From Vendor to Partner: Strengthening Relationships in Community Associations
By: Joshua Martinez, CMCA, AMS, PCAM
EJF Real Estate Services
Writing about relationships and communication between managers and vendors feels especially timely because it remains one of the most important, yet often overlooked, aspects of successful community management. Throughout our industry, several themes consistently emerge: relationship investment matters, partnerships outperform transactions, assumptions create problems, and education should be shared openly.
Managers regularly encounter an impetuous mindset from Boards or residents who view vendors simply as companies that “work for us.” At the same time, vendors themselves can sometimes approach communities with a purely transactional focus centered only on task completion. Somewhere in the middle sits the manager, attempting to coordinate expectations, operations, and outcomes.
As managers, we often serve as the ringleaders of this occasionally chaotic circus, which means much of the responsibility for bridging communication gaps falls on us. The goal should not simply be maintaining vendor connections but rather evolving those relationships into true business partnerships.
The reality is that every vendor becomes a reputational extension of the manager, their team, and their judgment. When vendors perform well, communities notice. Resident satisfaction improves. Boards gain confidence in operations. Strong vendor relationships also frequently result in better pricing, improved responsiveness, stronger prioritization, and more effective problem-solving. Perhaps most importantly, healthy partnerships reduce operational risk and improve emergency response capabilities when challenges inevitably arise.
Poor vendor relationships, however, tend to linger in a community like humidity before a summer storm. Small frustrations accumulate over time. Communication becomes reactive instead of proactive. Boards become skeptical. Residents grow impatient. Before long, managers find themselves spending more time managing conflicts than leading operations.

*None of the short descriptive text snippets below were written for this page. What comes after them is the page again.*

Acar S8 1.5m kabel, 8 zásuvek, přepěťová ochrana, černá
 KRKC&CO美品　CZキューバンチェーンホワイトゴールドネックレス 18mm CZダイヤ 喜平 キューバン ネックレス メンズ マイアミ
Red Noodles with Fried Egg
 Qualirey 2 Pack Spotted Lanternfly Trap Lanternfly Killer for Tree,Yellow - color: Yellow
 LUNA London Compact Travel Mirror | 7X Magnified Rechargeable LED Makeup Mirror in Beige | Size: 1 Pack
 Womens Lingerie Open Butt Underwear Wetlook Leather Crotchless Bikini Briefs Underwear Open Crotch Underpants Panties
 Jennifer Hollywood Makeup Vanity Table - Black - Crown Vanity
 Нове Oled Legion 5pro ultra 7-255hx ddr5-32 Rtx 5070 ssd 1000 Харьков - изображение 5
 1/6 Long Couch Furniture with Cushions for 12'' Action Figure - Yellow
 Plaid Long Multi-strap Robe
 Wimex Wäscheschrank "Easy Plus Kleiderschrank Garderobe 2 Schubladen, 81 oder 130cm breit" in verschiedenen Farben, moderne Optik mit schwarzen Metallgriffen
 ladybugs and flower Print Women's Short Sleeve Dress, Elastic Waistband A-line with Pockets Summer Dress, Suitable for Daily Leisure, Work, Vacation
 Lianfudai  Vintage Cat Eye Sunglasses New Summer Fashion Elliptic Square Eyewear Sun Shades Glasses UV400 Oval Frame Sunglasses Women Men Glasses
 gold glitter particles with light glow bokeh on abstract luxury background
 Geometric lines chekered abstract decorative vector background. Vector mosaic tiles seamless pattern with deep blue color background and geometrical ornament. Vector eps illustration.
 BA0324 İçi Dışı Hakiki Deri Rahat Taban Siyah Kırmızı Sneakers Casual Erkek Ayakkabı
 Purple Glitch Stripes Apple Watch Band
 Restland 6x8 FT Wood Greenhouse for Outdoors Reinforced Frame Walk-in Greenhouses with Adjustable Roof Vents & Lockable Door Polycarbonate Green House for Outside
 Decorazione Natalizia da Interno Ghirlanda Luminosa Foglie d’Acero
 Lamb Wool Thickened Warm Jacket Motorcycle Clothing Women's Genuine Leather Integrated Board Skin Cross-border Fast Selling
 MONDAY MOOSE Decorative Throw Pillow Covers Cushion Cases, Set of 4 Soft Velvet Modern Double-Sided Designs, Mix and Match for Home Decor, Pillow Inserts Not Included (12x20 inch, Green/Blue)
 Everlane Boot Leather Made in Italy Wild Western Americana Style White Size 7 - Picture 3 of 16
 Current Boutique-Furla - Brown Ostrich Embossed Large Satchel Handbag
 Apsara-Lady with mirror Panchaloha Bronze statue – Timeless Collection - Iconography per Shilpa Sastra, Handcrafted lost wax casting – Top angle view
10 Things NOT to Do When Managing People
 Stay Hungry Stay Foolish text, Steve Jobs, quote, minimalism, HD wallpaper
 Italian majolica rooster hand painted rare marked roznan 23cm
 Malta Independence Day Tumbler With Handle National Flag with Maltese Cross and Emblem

Unfortunately, our industry often falls into the dangerous habit of treating vendors as interchangeable commodities. Pricing increases slightly or performance dips temporarily, and conversations immediately turn toward replacement instead of recalibration. Yet history consistently demonstrates that strong institutions rarely thrive by dismantling systems every time friction appears. Success typically comes from refinement, communication, and investment before resorting to replacement.
The strongest vendor relationships extend well beyond “scope and invoice.” They are built through a shared understanding of operational realities, community priorities, and long-term goals. A landscaper who understands the concerns of an aging resident population or a plumbing contractor familiar with the infrastructure weaknesses of a forty-year-old building brings far more value than a low bidder learning the property for the first time.
When vendors are treated as partners rather than disposable line items, accountability improves alongside responsiveness. Long-term familiarity creates efficiency. Vendors who know the property well spend less time learning and more time solving problems.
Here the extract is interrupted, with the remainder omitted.